Felippa mengatakan, semangat RUU Ciptaker adalah memangkas tumpang tindih regulasi. Menurutnya, hal itu selama ini dianggap menjadi penghalang masuknya investasi di sektor pertanian.
"Regulasi yang berlaku selama ini tidak ramah terhadap investasi di sektor pertanian, salah satunya di subsektor hortikultura yang diatur dalam UU Nomor 13 Tahun 2010 tentang Hortikultura," kata Felippa dalam keterangan, Kamis (2/7).
Felippa membeberkan sejumlah pasal dalam RUU tersebut yang akan mengganti beberapa pasal di UU Hortikultura. Dia mengatakan, pasal 34 RUU Cipta Kerja misalnya, mengundang sarana hortikultura dari dalam dan luar negeri.

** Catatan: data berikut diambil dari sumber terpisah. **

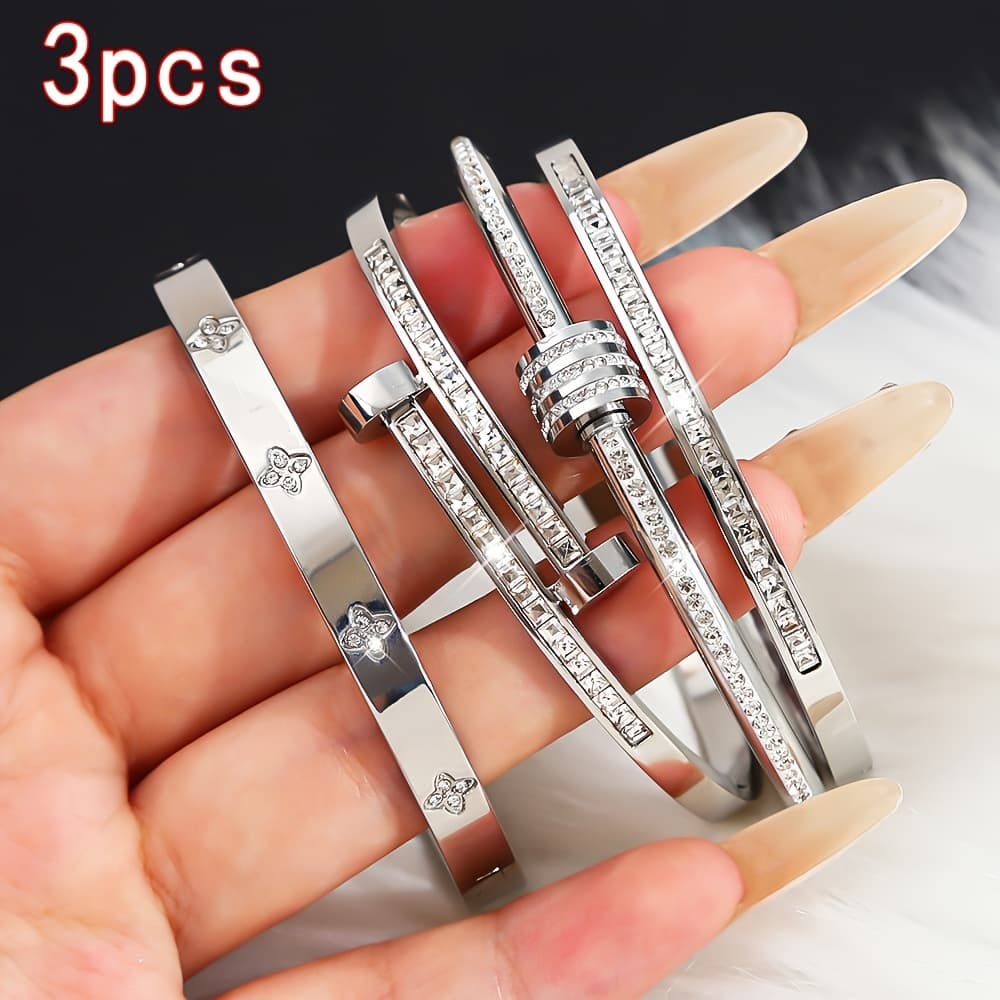 TEMU 3pcs Random Style 18k Gold-plated Titanium Steel Stainless Steel Bracelet, Suitable For Holiday Gifts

"Pasal tersebut akan merevisi pasal 33 UU Hortikultura yang mempersulit penggunaan sarana dari luar negeri," katanya.
Dia melanjutkan, pasal 100 dalam RUU tersebut juga menyatakan bahwa pemerintah mendorong penanaman modal dalam usaha hortikultura. Sebagaimana juga didapati di sektor perkebunan dan pertanian secara umum.
Dia mengatakan, pasal tersebut akan merevisi Pasal 100 UU Hortikultura yang membatasi penanaman modal asing hanya untuk usaha besar hortikultura dengan jumlah modal maksimal 30 persen.
Felippa mengatakan, masuknya investasi dan sarana luar negeri ini bisa dimanfaatkan untuk mendorong produktivitas dan efisiensi di sektor pertanian. Dia melanjutkan, hal ini tentu mendukung visi Indonesia menjadi lumbung pangan dunia di 2045.
Dia mengungkapkan, disamping membuka investasi, RUU tersebut juga menyederhanakan proses perizinan usaha yang sebelumnya harus melewati birokrasi berlapis. Lanjutnya, RUU akan membuat regulasi menjadi satu perizinan usaha dari pemerintah pusat.
"Kemudahan-kemudahan yang diatur dalam RUU Cipta Kerja ini diharapkan membawa dampak positif bagi petani dan pertanian di Indonesia," kata Felippa.